— REQUIRED ACTION —
Your reply should consist only of the lines from the one with "Queen Bed with" through the end of the entries, transcribed exactly. Pictures stay out.
::::
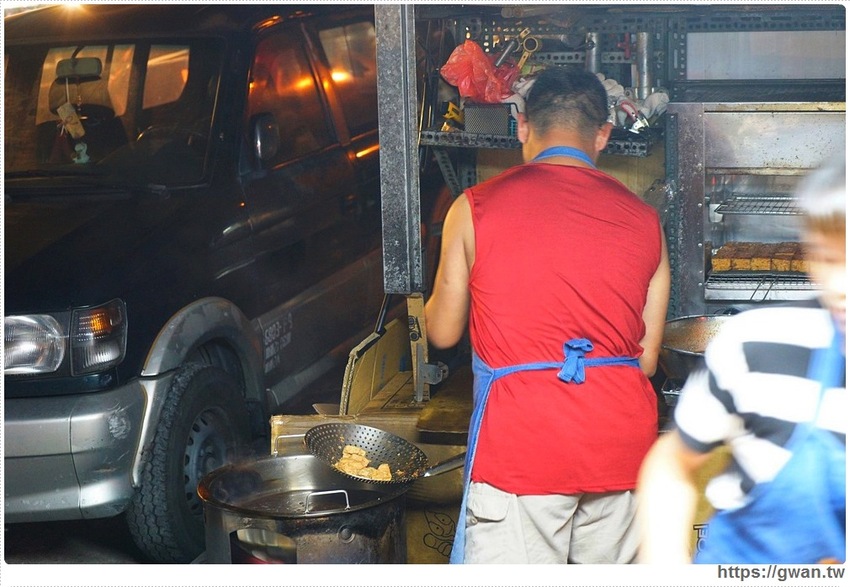 龍井自強夜市 | 大排長龍,烤臭豆腐一支10元真的很便宜!!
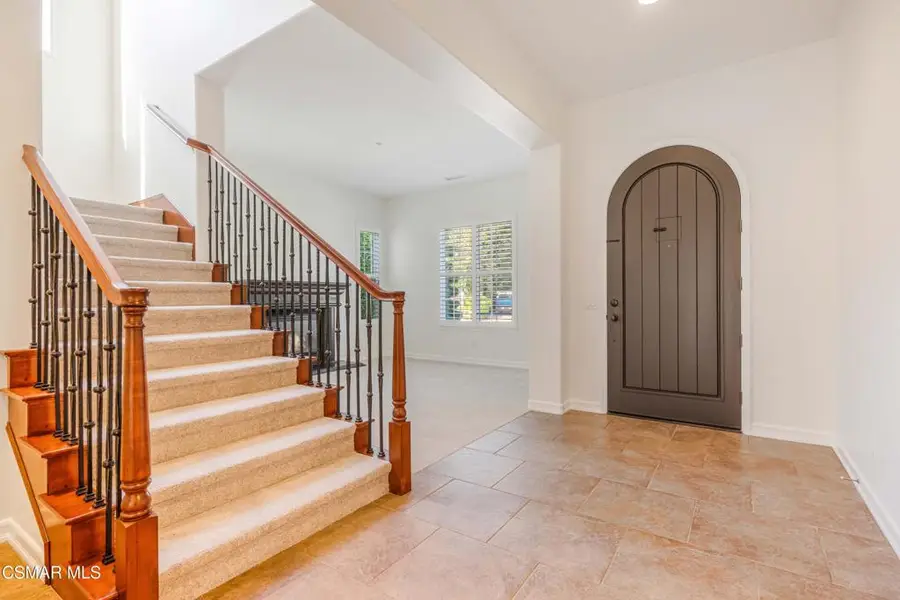318 Loire Valley Drive, Simi Valley, CA 93065 - #3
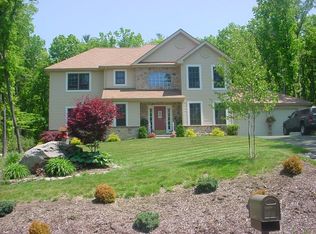 122 Arbor Way, Stroudsburg, PA 18360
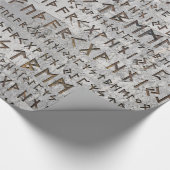 樺の木の質のFutharkより古いパターン ラッピングペーパー (角)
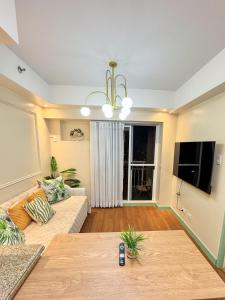 Queen Bed with 1 Bedroom near Ayala mall Cloverleaf Balintawak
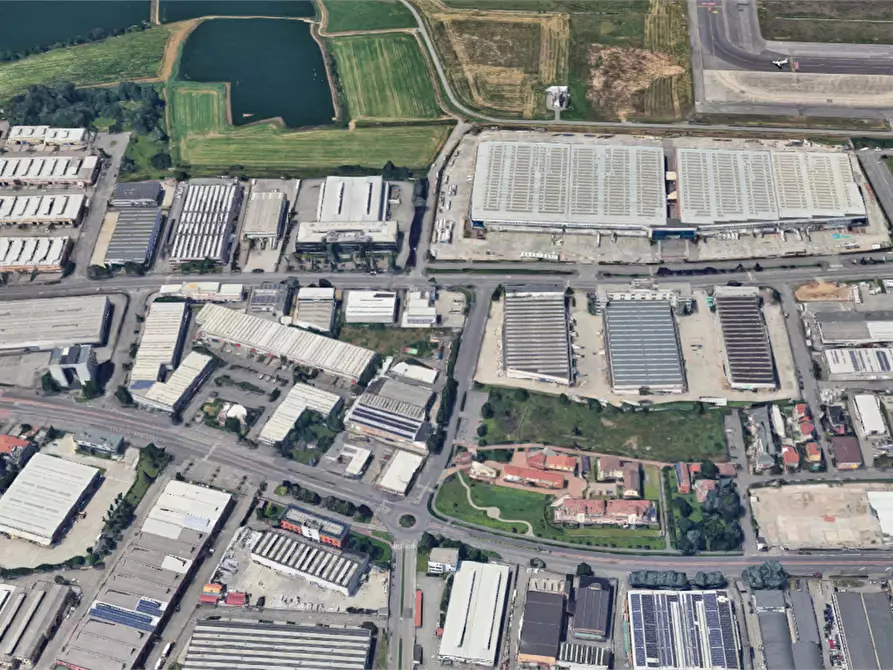 Immagine 7 di Garage in vendita  in Via Martiri di Cefalonia a Peschiera Borromeo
::::
— RESULT FOR THIS TASK —
 Queen Bed with 1 Bedroom near Ayala mall Cloverleaf Balintawak
 Immagine 7 di Garage in vendita  in Via Martiri di Cefalonia a Peschiera Borromeo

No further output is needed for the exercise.